Apple is being sued after saying its laptops offer colors by the million, and after user complaints about its displays. The claim is that a combination of 6-bit display panels and inferior software makes a mythology of its marketing.
But it's a claim that could, potentially, apply to many makers of similar technology: the majority of LCD panels show color at only 6 bits of depth per RGB element, for a total of only about 260,000 colors. However, finely-detailed dithering at the sub-pixel level tricks our eyes into perceiving millions, as would be seen in a true-color 8-bit display.
Display technology, and its interaction with software, isn't the most exciting realm of gadget-dom, but there are some interesting questions here. When we talk of "millions of colors," do we refer to the LCD display itself, or to the output of the video card connected to it? If Microsoft's Windows XP is fine, as the lawsuit contends, isn't it an issue purely concerning dithering software, rather than the technology used in the display?
For starters, the 6-bit/8-bit divide isn't something you'll see represented in the marketing of most monitors. Moreover, it's not just about hardware, as software can manipulate the display output. The most common example is the sub-pixel dithering used to smooth the edges of fonts.
Given that the lawsuit excuses Windows from its claims, perhaps it's just the case that Microsoft's subpixel dithering techniques are better than Apple's.

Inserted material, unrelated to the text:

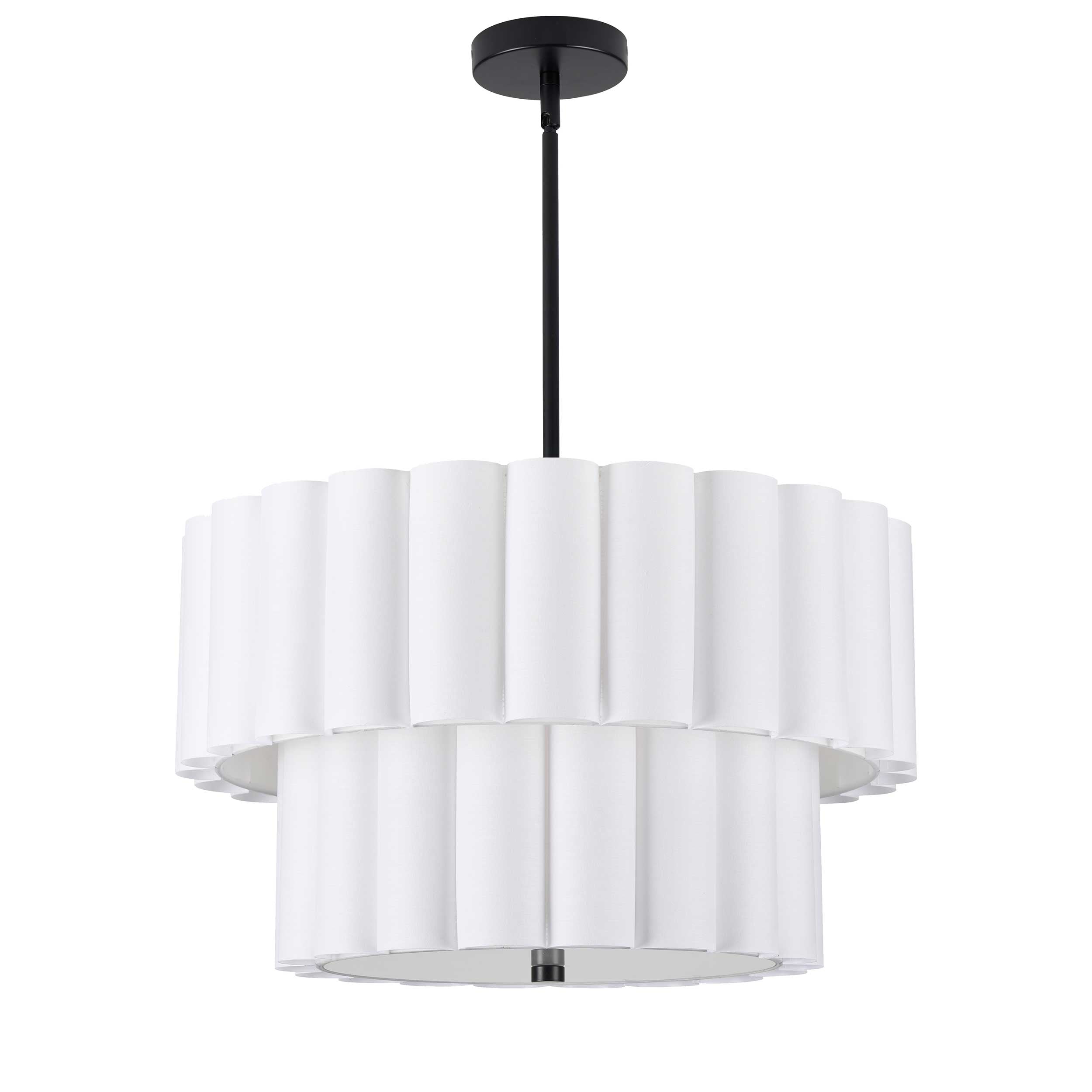 Luminaire suspendu Noir mat et blanc | PACIFICA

But if that's so, it isn't really about the display panel technology, is it?
It comes down to Apple being in singular control of both the hardware and software in its systems: By describing a video card's output in the magic millions, in the knowledge that its chosen software and hardware combination can't keep up, Apple inadvertantly made itself the prime target for this a lawsuit as opportunistic as it is baffling.